Thibaut est parvenu à dire que malgré l’habitude, la colère s’accumule et, que si il vient à l’atelier, c’est parce que de temps en temps cette colère sort et qu’il se tape la tête contre les murs. Chloé quant à elle peut prendre la mesure de ce qu’elle déclenche par ses gestes incontrôlés et le manque d’attention à l’environnement des autres. 

 

La possibilité de nommer ce qui se vit véritablement au présent avec le soutien et partage du groupe constitue l’amorce d’une acceptation de ce qui est, le changement démarre là.
Michèle

mieux vivre les conflits

Lors des échanges avec les collègues mais aussi avec les parents, la question des conflits entre les enfants revient souvent. En général, les réponses des adultes alternent entre la discussion autour de ce qui s’est passé en tentant d’amener des règles et la valorisation de ce que serait la bonne conduite et la punition: mise à l’écart (piquet !) pour se calmer, privation, “des lignes”. La difficulté pour l’adulte réside dans la compréhension du conflit au niveau des faits: que s’est-il passé, qui a commencé, avec en filigrane une tentative pour déterminer qui est “le coupable” et “la victime”. Si la punition renforce cette distinction, le coupable en sort secrètement humilié. Ayant “perdu la face” il aura à cœur dès que possible de la “regagner”. La victime est renforcée dans son rôle de victime. La punition dans ce cas, renforce le conflit plutôt qu’elle ne le désamorce. Et de plus elle n’a pas fonction éducative.  Nous proposons une autre manière d’aborder le conflit qui permette aux enfants de comprendre ce qui se joue dans la relation, au niveau du ressenti.
Quelles sont les émotions qui ont provoqué cette réaction d’agressivité verbale ou physique, quelles blessures ont été réveillées, qu’est-ce qui est à ajuster pour que la relation puisse Etre, dans l’apaisement?   La place de l’adulte y est différente, il n’ est pas là pour arbitrer mais pour accompagner les enfants et servir de tiers.
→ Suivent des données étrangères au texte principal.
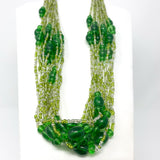 27" Light Green Glass Bead Necklace (Dozen)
Si besoin, il évoque ses propres émotions face à ce conflit. ” Je suis vraiment triste lorsque je vous vois vous  bagarrer ainsi“. “ou bien “je suis très en colère car je ne peux travailler en paix dans la classe”.   Il oriente les enfants vers leurs ressentis et les incitent à trouver ensemble une solution convenable pour chacun. La mise à l’écart  prend alors un autre sens. Elle peut être un temps de retour sur soi, pour ce mettre en lien avec ce qui se passe à l’intérieur de soi et trouver un peu d’apaisement nécessaire. Elle n’est pas porteuse d’humiliation.
 
Maryse met en pratique cette manière d’aborder les conflits dans sa classe, elle témoigne: ” J’interviens de moins en moins pour tous les petits conflits quotidiens. Parfois la situation est évoquée en groupe. Chacun propose des solutions pour que cela s’arrange. Parfois les enfants concernés vont dans le couloir et cherchent ensemble une solution. la classe est plus apaisée et moi je suis moins fatiguée. Avant tout passait par moi et j’avais l’impression que je ne faisais plus que ça!